Des terres encore abandonnées à Médéa

Des terres encore abandonnées à Médéa

Une contrée qui fait toujours peur

Par Amel Blidi, Le Quotidien d’Oran, 26 juillet 2005

Béni Slimane, petite bourgade située à 70 km de Médéa, est l’une de ces régions qui rappellent les horribles crimes commis par les groupes islamistes. Elle compte, à elle seule, cinq massacres et des dizaines de morts. Aujourd’hui, la vie reprend peu à peu ses droits dans cette région agricole mais la majorité des villages alentour sont encore désertés par leurs habitants. Reportage.

A 1 heure 30 du centre-ville de Médéa, les champs de Béni Slimane étendent leurs ondulations à perte de vue. La région est réputée pour ses terres fertiles. De nombreuses fermes restent, cependant, obstinément vides. Même le plan d’aide aux agriculteurs mis en place récemment, ne semble pas encourager les habitants à revenir dans la région. Le massacre perpétré au Ramadhan 97 restera irrémédiablement gravé dans les mémoires. «C’est à partir de là que les gens ont commencé à fuir. Certains ont vendu leurs matériels d’agriculture quasi gratuitement et ont rejoint les villes», nous explique un jeune de la région – ayant requis l’anonymat – qui a repris récemment le travail de la terre. Notre interlocuteur estime néanmoins que le terrorisme n’est pas la seule raison qui empêche les anciens habitants de Béni Slimane de rejoindre leurs terres. Il y a également, selon lui, «un autre terrorisme», moral celui-là: la bureaucratie. «En mettant en place ce plan d’aide aux agriculteurs, l’Etat a fait une action très louable. Mais il faut savoir qu’en réalité, très peu de gens peuvent en bénéficier.
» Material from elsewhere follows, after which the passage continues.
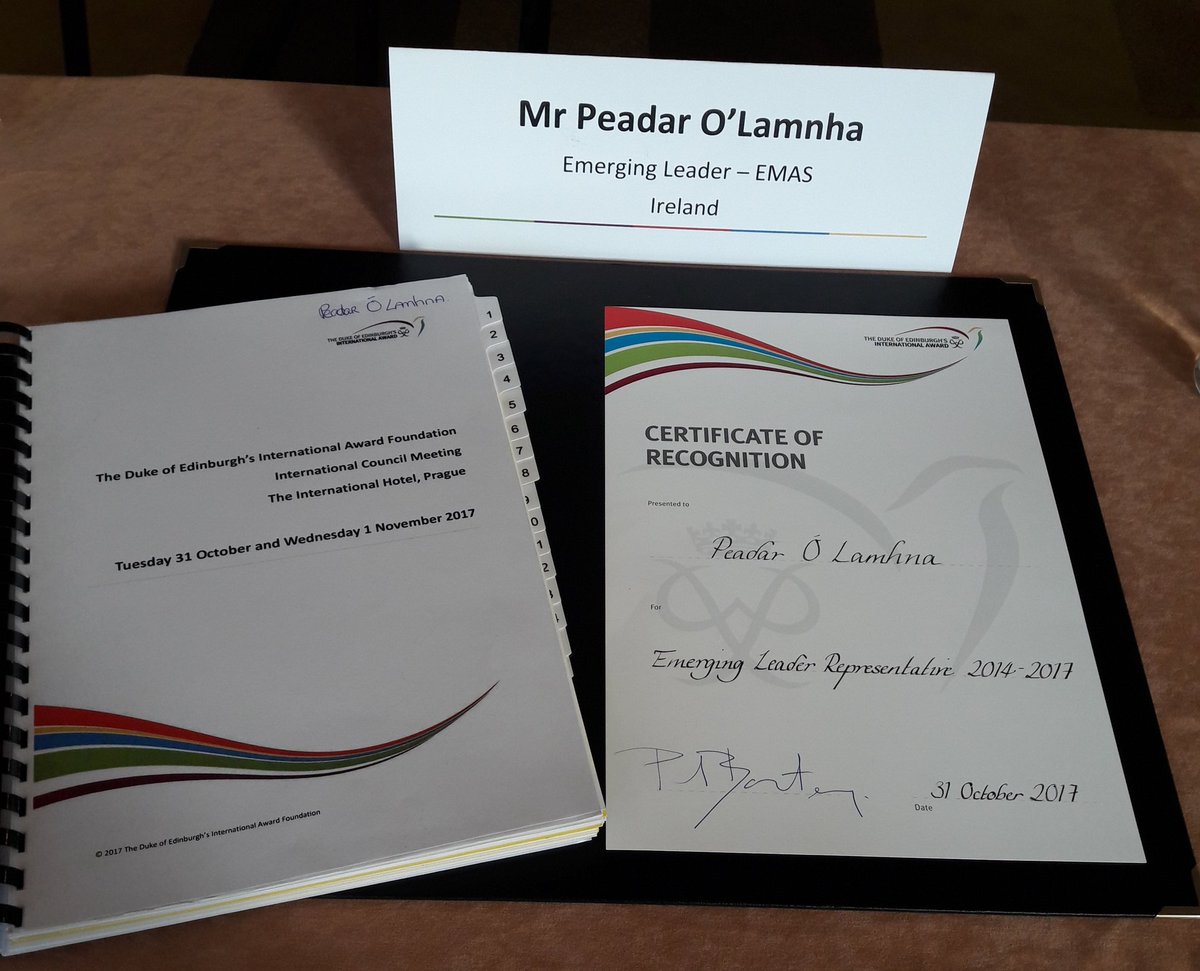Signing off fpr the final time, our Chair Peadar steps down as Emerging Leader Rep for the EMAS Region on <a href="/intaward/">International Award</a> 's International Council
Les coopératives agricoles ne font pas leur travail convenablement, seuls les gens pistonnés peuvent profiter de l’aide de l’Etat», s’indigne-t-il. Il y aurait même, affirme-t-il, des bénéficiaires du plan d’appui à l’agriculture qui auraient pris l’argent pour eux et dont les terres sont encore inexploitées.

L’autre facteur qui pourrait décourager les agriculteurs à récupérer leurs terres serait lié au fait «que les anciens fermiers soient devenus des citadins». «Beaucoup d’entre eux ont troqué leurs fermes contre des appartements en ville, certains se sont recyclés dans le commerce. Si vous allez à Baraki, par exemple, vous verrez qu’il y a énormément de gens originaires de Béni Slimane. Ceux-là ne reviendront pas», martèle-t-il. Dans ce hameau isolé, les massacres de l’année 1997 ont marqué un tournant. L’un des parents des victimes des massacres de «Souk Larabâa» nous a raconté que, «suite à la scission entre l’AIS et le GIA, les habitants des villages entourant Béni Slimane avaient senti que les terroristes allaient se retourner contre eux».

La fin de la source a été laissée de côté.